What you will do>
Print each entry below precisely as shown.
──────── Records provided ────────
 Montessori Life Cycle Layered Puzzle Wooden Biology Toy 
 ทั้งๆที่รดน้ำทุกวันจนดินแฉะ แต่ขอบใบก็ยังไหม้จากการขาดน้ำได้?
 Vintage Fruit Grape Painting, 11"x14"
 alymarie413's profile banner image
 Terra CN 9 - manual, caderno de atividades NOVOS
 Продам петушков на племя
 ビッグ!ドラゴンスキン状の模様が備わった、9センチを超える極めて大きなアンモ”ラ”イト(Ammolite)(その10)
────────
Written answer>
 Montessori Life Cycle Layered Puzzle Wooden Biology Toy 
 ทั้งๆที่รดน้ำทุกวันจนดินแฉะ แต่ขอบใบก็ยังไหม้จากการขาดน้ำได้?
 Vintage Fruit Grape Painting, 11"x14"
 alymarie413's profile banner image
 Terra CN 9 - manual, caderno de atividades NOVOS
 Продам петушков на племя
 ビッグ!ドラゴンスキン状の模様が備わった、9センチを超える極めて大きなアンモ”ラ”イト(Ammolite)(その10)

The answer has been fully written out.